An OpenGL context is roughly a 3D drawing area and its associated behind-the-
scenes data. Via changes to OpenGL version 3.0 through 3.2, it became possible
to ask for specific _versions_ of OpenGL for each context. There are two kinds
of contexts: "compatibility" contexts, which expose all OpenGL features up to
the version obtained, and "core" contexts, which don't have deprecated
features. For example, starting with 3.1, a core context won't draw quads -
you have to split them into two triangles.

On Linux, Racket uses libgtkgl to get OpenGL contexts that are associated with
GTK widgets. This library won't return anything but compatibility contexts, up
to version 3.0.

On OS X, it's only possible to get an OpenGL 2.1 context or an OpenGL 3.2 or
3.3 _core_ context.

There are a few ways to fix this.

1\. The libgtkgl developers add support for core contexts and versions later
than 3.0. I doubt this will happen. They're dragging their feet.

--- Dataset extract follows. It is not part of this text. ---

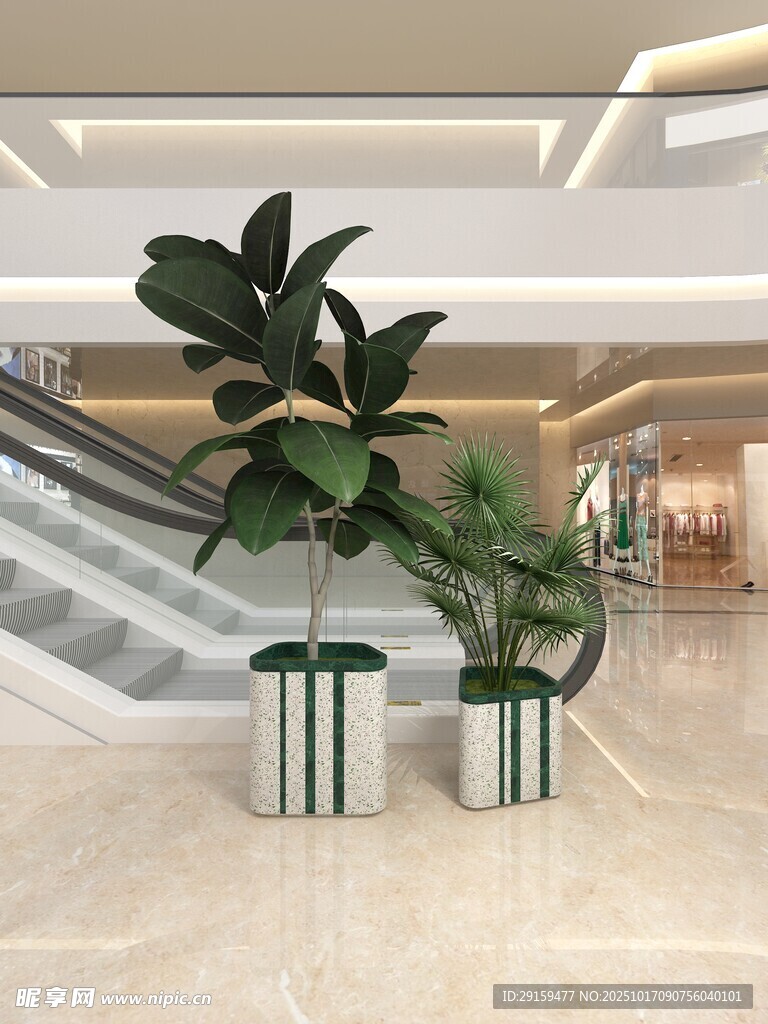 大厅中的绿植装饰景观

2\. OS X adds support for compatibility contexts. Again, not hopeful.

3\. We find some other way to get an OpenGL context on Linux that's associated
with a GTK widget. There aren't many options.

4\. I develop using OpenGL 2.1. I lose a lot of shading language features that
way, though, and probably a lot of performance.

5\. I develop multiple rendering paths. I hate this idea, but it may be what I
have to do.